DATA EXTRACT »
......

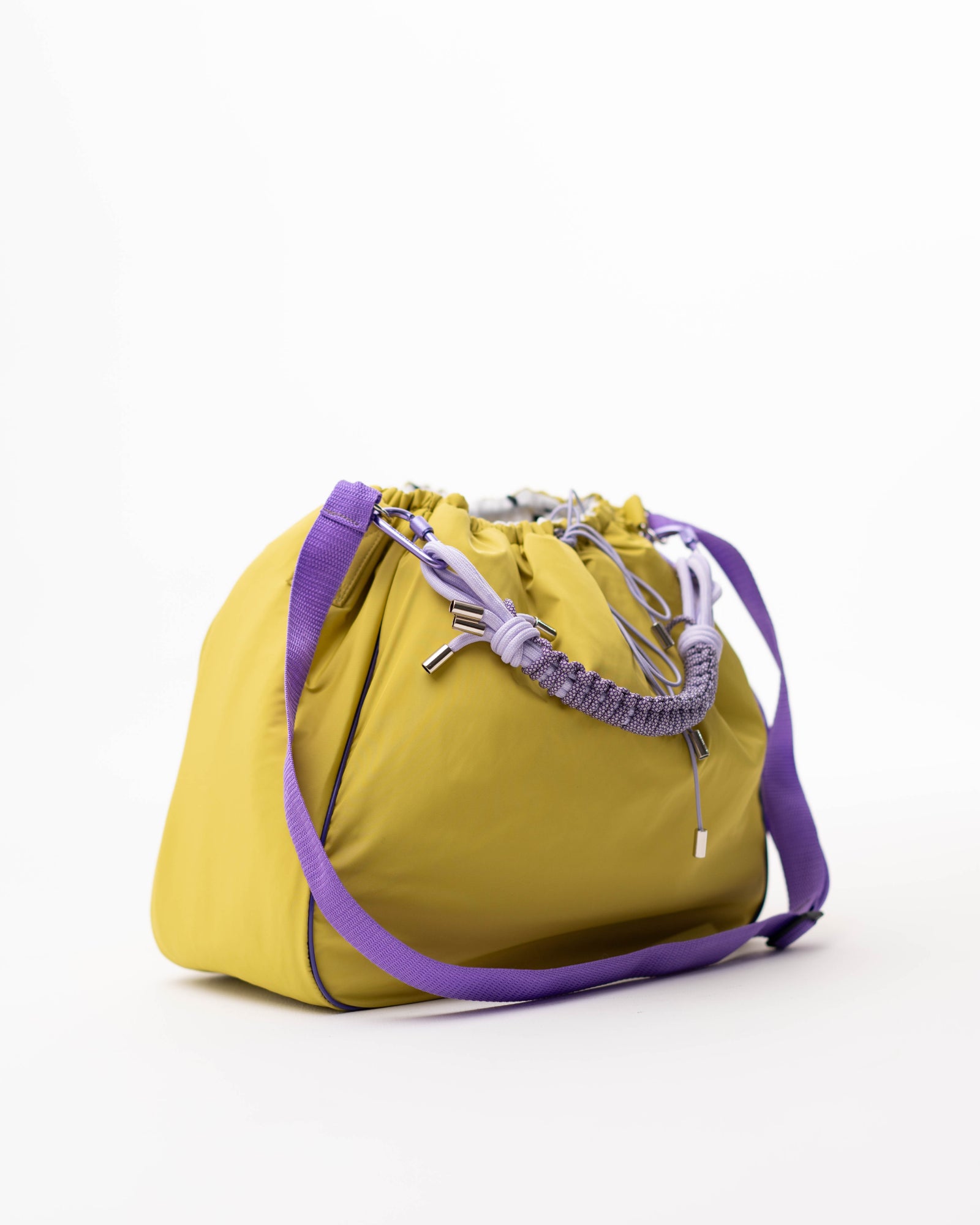 Lime Maxi Bubzi bag with a purple strap, braided handle, and drawstring.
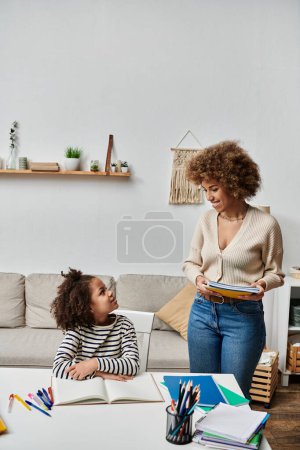 Una alegre mujer afroamericana y su hija se sientan en una mesa, compartiendo un momento precioso en su cálida y acogedora sala de estar.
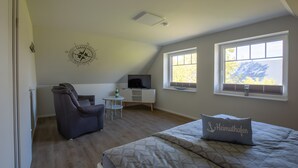 Quarto com cama, escrivaninha, cadeira, janela e um adorno na parede.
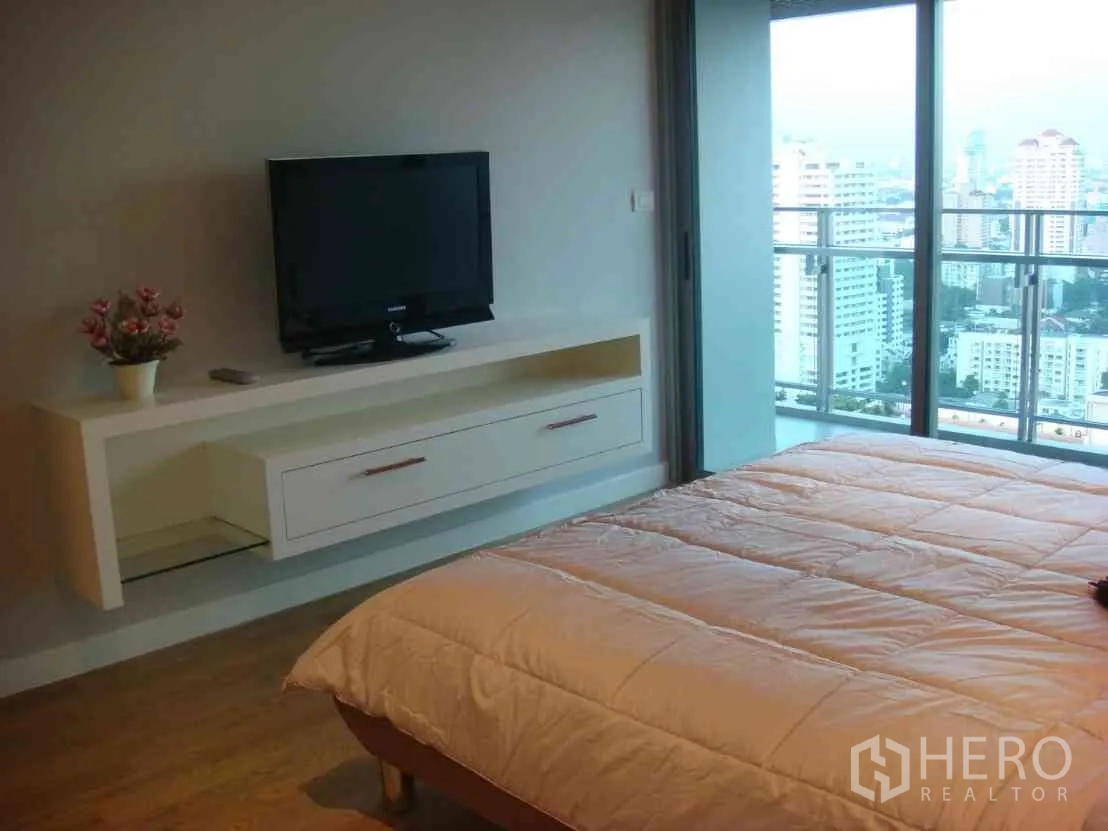 公寓 出租在Watthana, Bangkok - 主卧配电视柜，连接阳台可欣赏曼谷城市天际线。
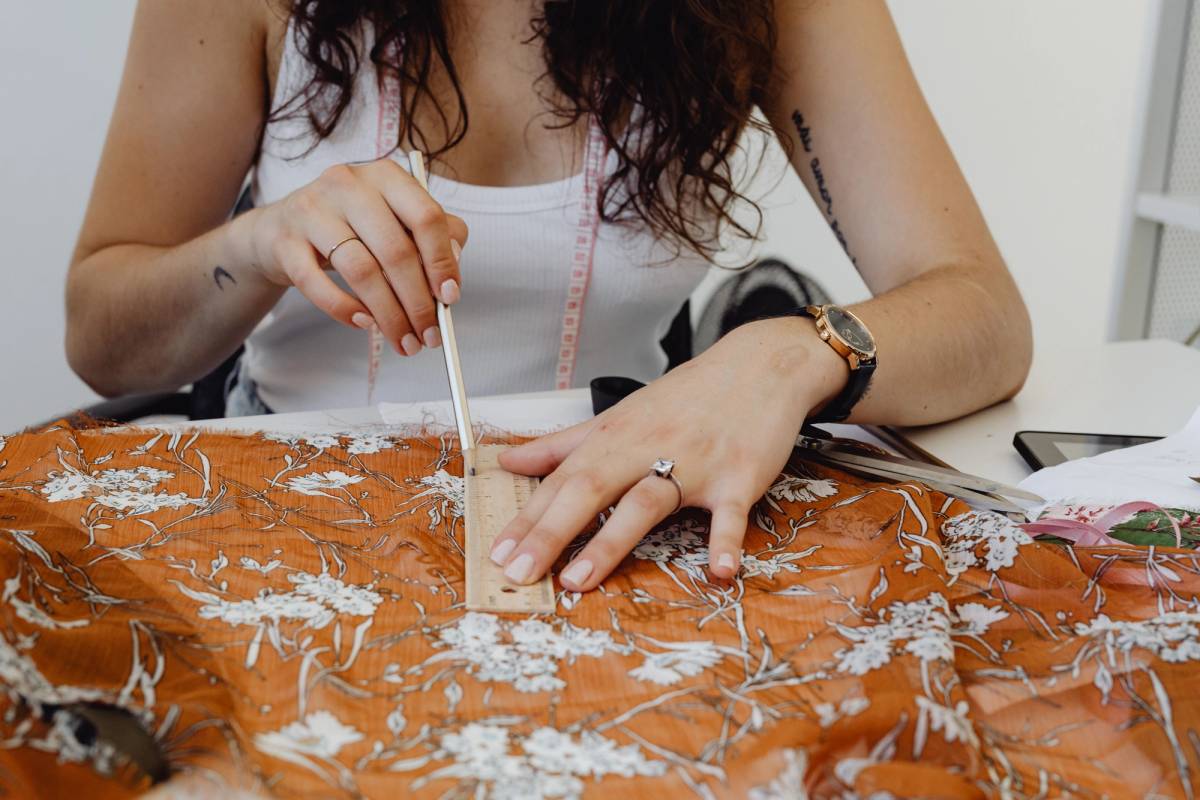 Designer measuring patterned fabric with a ruler at a worktable before production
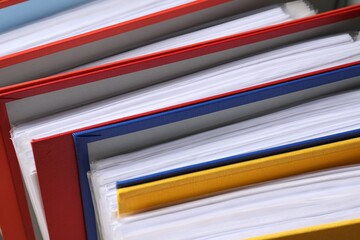 Colorful binder office folders as background, closeup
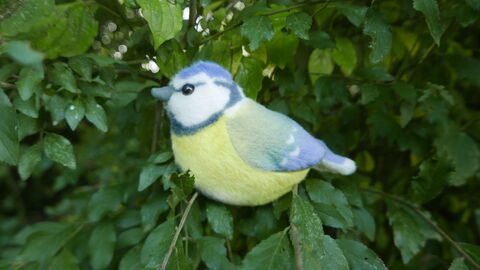 Blue Tit bird toy sitting in a tree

......

WORK ORDER » Copy nothing but the lines from the top of the data down to the line containing "Una alegre mujer", and leave the pictures out.

WRITTEN SOLUTION »
 Lime Maxi Bubzi bag with a purple strap, braided handle, and drawstring.
 Una alegre mujer afroamericana y su hija se sientan en una mesa, compartiendo un momento precioso en su cálida y acogedora sala de estar.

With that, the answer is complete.